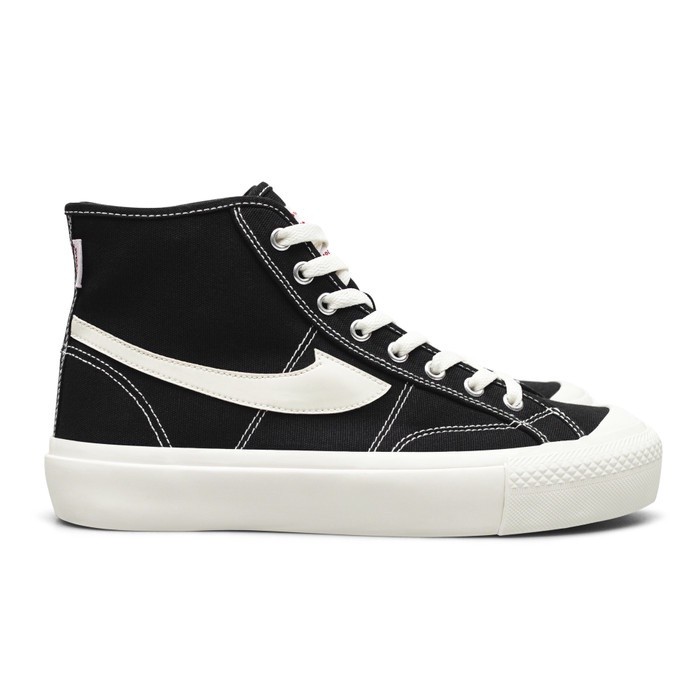 10 Rekomendasi Brand Sepatu Lokal Terbaik  [Sedang Trend] (Terbaru Tahun 2026) 4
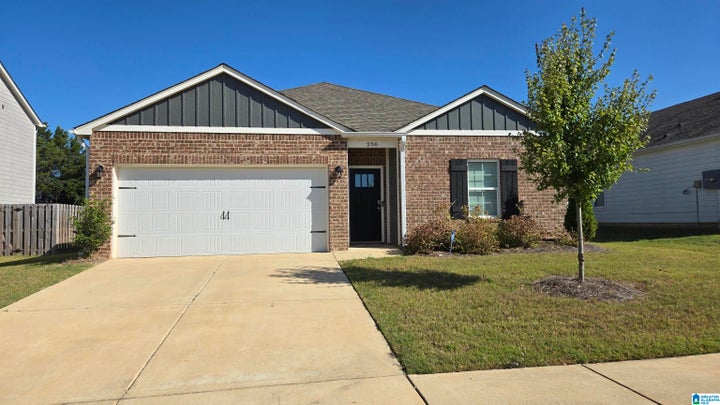 Photo 1 of 24 — 256 KOSLIN LOOP, CALERA, AL 35040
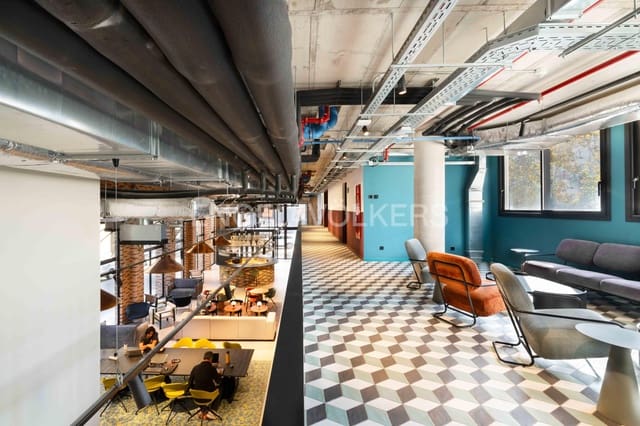 1 soveværelse Studio til leje i El Poblenou, Barcelona by med swimmingpool garage - € 1.825 (Ref: 9087895)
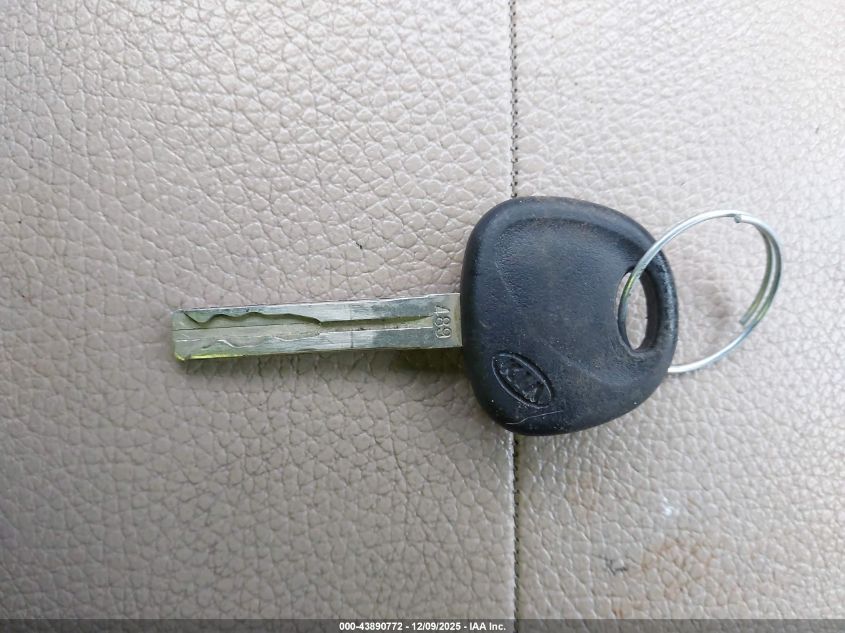 2011 Kia Sorento Lx VIN: 5XYKTCA18BG055236 Lot: 43890772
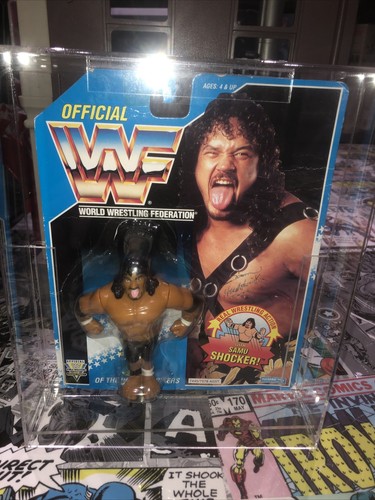 WWF Hasbro Samu  Series 10 WWE Card  figure moc ww...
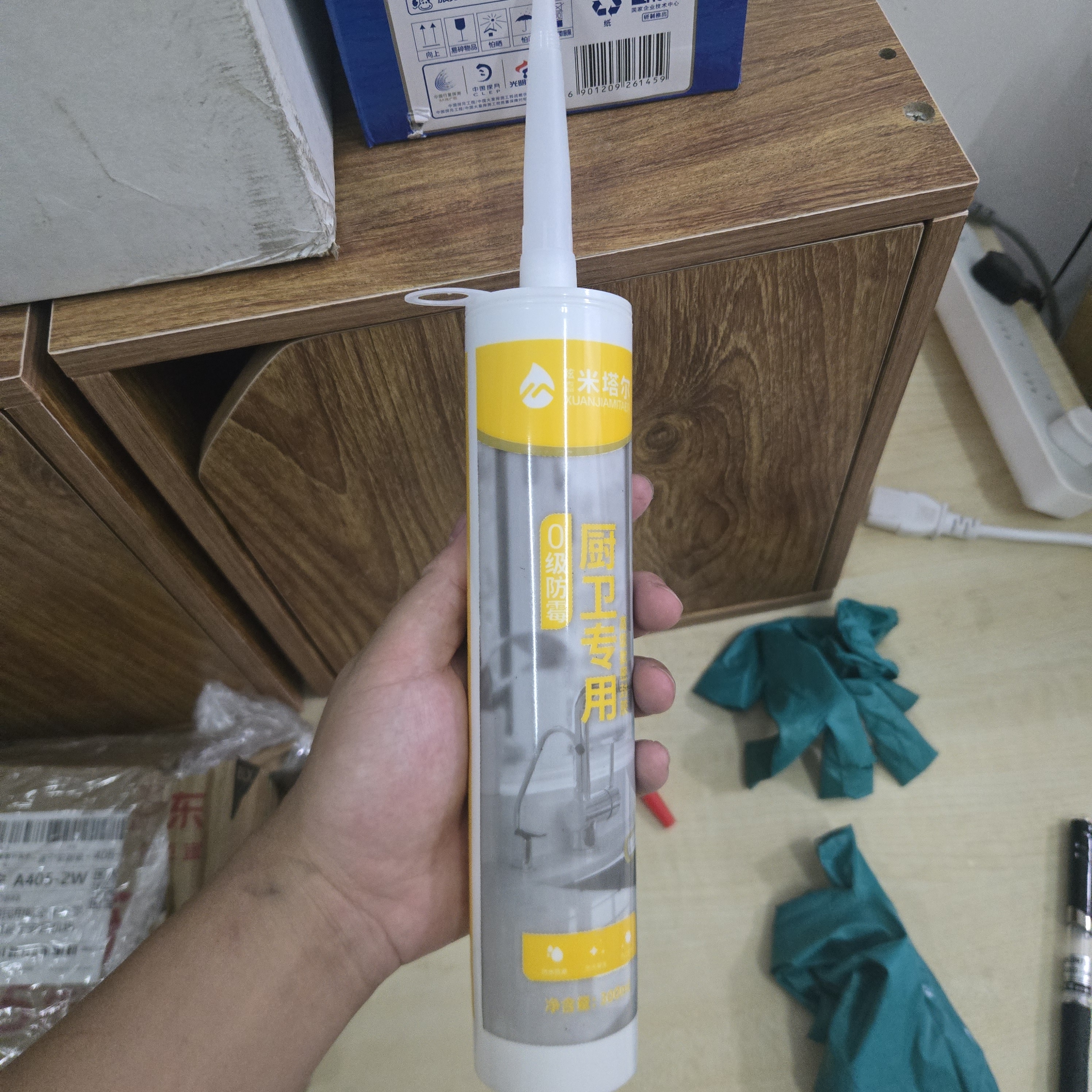 炫嘉米塔尔0级防霉玻璃胶厨房卫生间台盆水槽马桶防水密封胶白色 实拍图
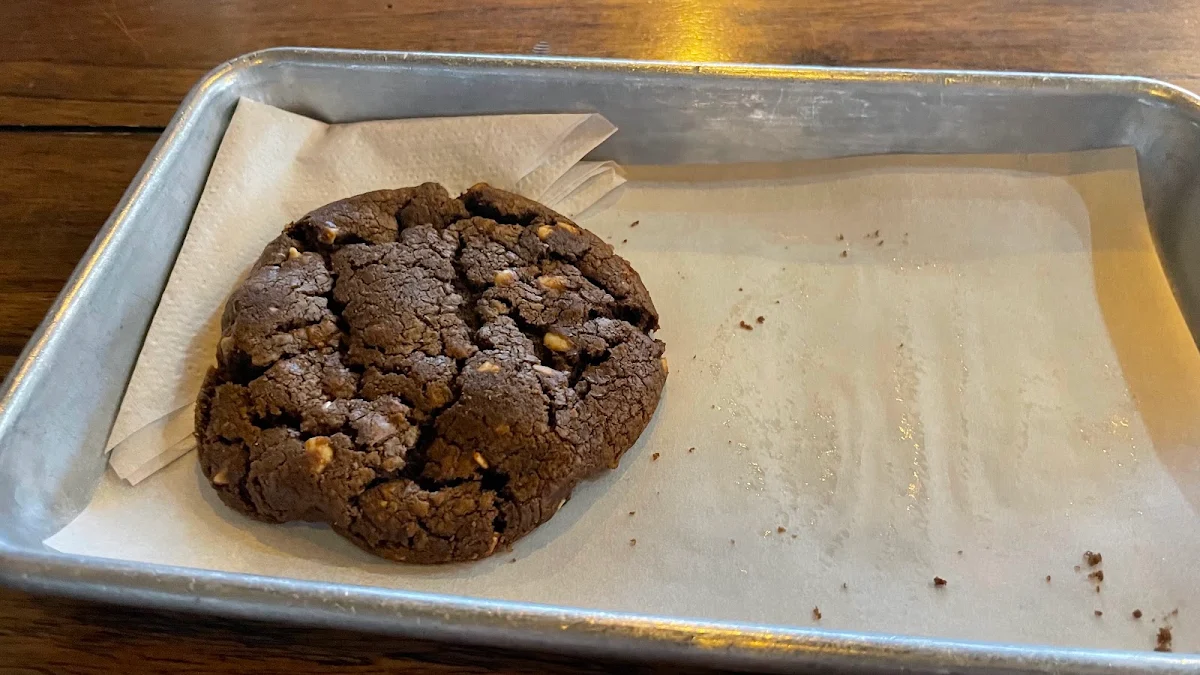 Chocolate Chip Cookie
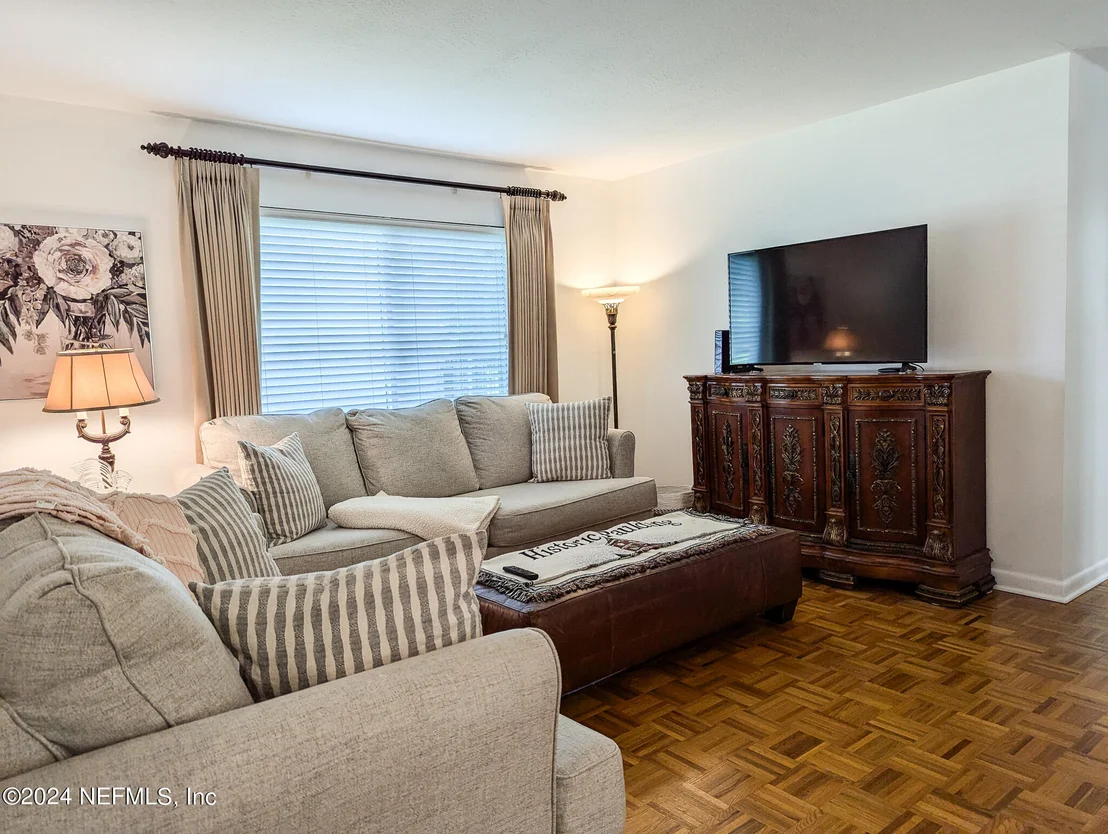 Photo of 7639 HILLSIDE Drive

◆ ◆ ◆ ◆

EXERCISE INSTRUCTIONS: Return every entry exactly, dropping the pictures.

WRITTEN RESPONSE:
 10 Rekomendasi Brand Sepatu Lokal Terbaik  [Sedang Trend] (Terbaru Tahun 2026) 4
 Photo 1 of 24 — 256 KOSLIN LOOP, CALERA, AL 35040
 1 soveværelse Studio til leje i El Poblenou, Barcelona by med swimmingpool garage - € 1.825 (Ref: 9087895)
 2011 Kia Sorento Lx VIN: 5XYKTCA18BG055236 Lot: 43890772
 WWF Hasbro Samu  Series 10 WWE Card  figure moc ww...
 炫嘉米塔尔0级防霉玻璃胶厨房卫生间台盆水槽马桶防水密封胶白色 实拍图
 Chocolate Chip Cookie
 Photo of 7639 HILLSIDE Drive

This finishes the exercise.